Según lo que andan presumiendo los genios que lo asesoran en su campaña, el secretario de Hacienda se está aventando a hacer declaraciones absurdas y escandalosas, simple y sencillamente, para que se hable de él. Más o menos como aquella señora que le decía a su marido: pégame, ¡pero no me dejes! A ver, me voy a tratar de explicar mejor. Supuestamente Ernesto Cordero es el candidato de Felipe Calderón a la Presidencia. Es decir, con él pretende el Presidente pelearle los votos a Enrique Peña, quien hasta ahora va hasta arriba en todas las encuestas. Esa es la idea: que Cordero sea el candidato del PAN. Muy bien, nomás que hay un problemita: a Cordero no lo conoce nadie. Si acaso lo conocen en su casa y, sólo a veces, le hablan de tú. Por lo general ni le dirigen la palabra. Entonces, lo que hicieron sus estrategas fue una "genialidad". Le dijeron: "te vamos a poner a decir pentontadas y ya verás que pronto la gente comenzará a hablar de ti". Y vaya que han logrado su cometido: hoy todo el mundo habla del secretario de Hacienda... ¡pero para burlarse de él! Lo llaman "ignorante" por decir que con 6 mil pesos una familia puede pagar hipoteca, mensualidad del coche, comida y colegiatura de escuelas particulares para sus hijos.
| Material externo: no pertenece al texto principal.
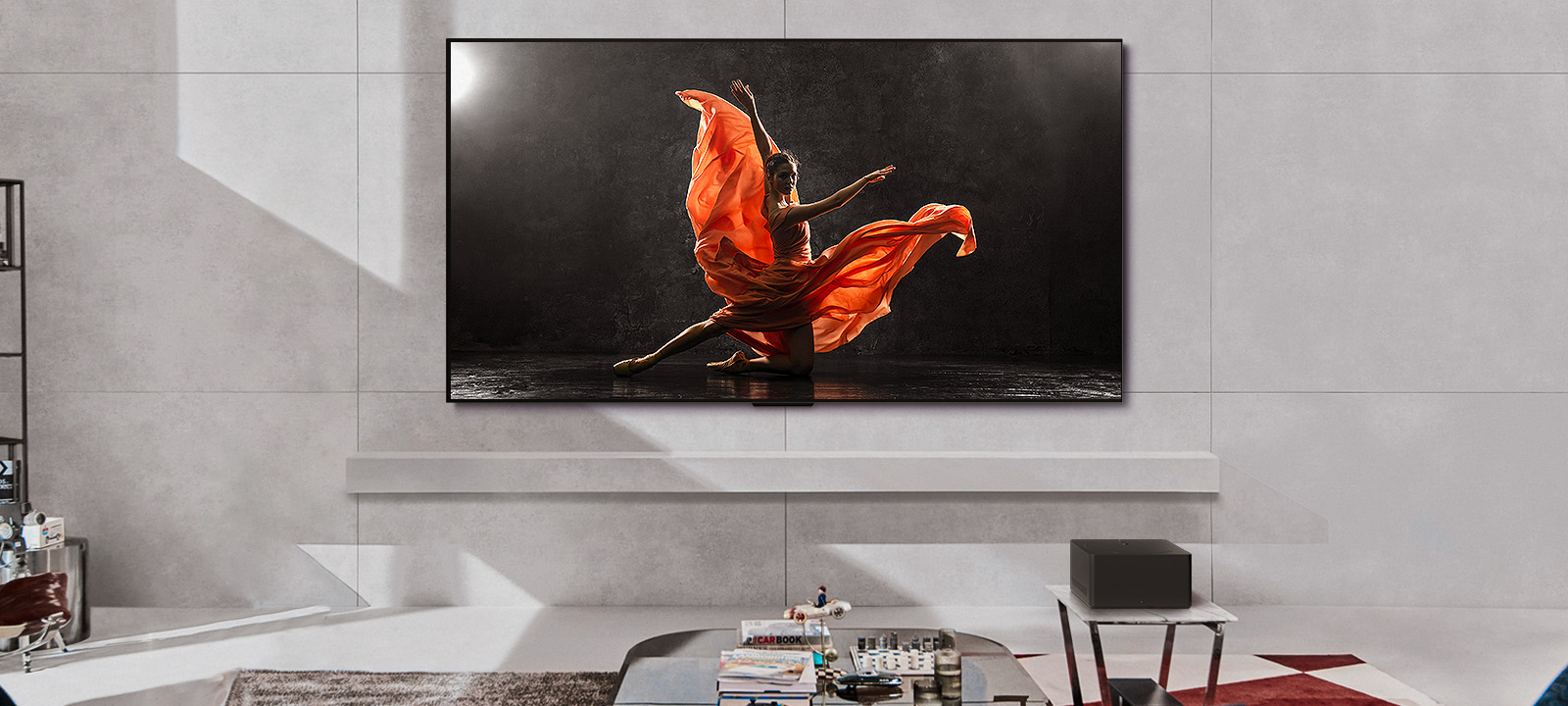 LG SIGNATURE OLED M4 และ LG Soundbar ในพื้นที่ใช้สอยที่ทันสมัยในเวลากลางวัน ภาพหน้าจอของนักเต้นบนเวทีที่มืดจะแสดงด้วยระดับความสว่างที่เหมาะสมที่สุด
Otros más moderados califican a Cordero de "ridículo" cuando asegura que en México ya no hay pobres. Pero, bueno, entonces si entendí bien la dicha estrategia: no importa que Cordero quede como idiota, con tal de que la gente escuche su nombre y aparezca en portadas de periódico y en programas de radio y televisión. Me imagino, por ejemplo, una empresa refresquera desconocida que quisiera empezar a vender, digamos, la Cordero Cola. Y para lograrlo que lanzaran una campaña así: "Tome este refresco y engorde como puerco". La idea sería que todo el mundo se enterara que la Cordero Cola es un nuevo refresco cuyo sabor se desconoce, pero te hará subir de peso con la misma rapidez con la que un microbús se pasa un alto. Y, así, después de mucho insistir la gente terminará convenciéndose de que, efectivamente, la Cordero Cola es el peor refresco del mundo. Acto seguido vendría la segunda parte de la campaña, para componer la imagen del refresco y hacerlo apetitoso a los consumidores. Si los calderonistas creen que les va a funcionar, allá ellos.
Finalmente si Ernesto Cordero no queda como candidato, con su discurso económico bien podría ocupar el lugar de Lagrimita, aquel payaso que -al estilo del secretario de Hacienda- para todo decía: "¡Qué barato!, ¡qué barato!".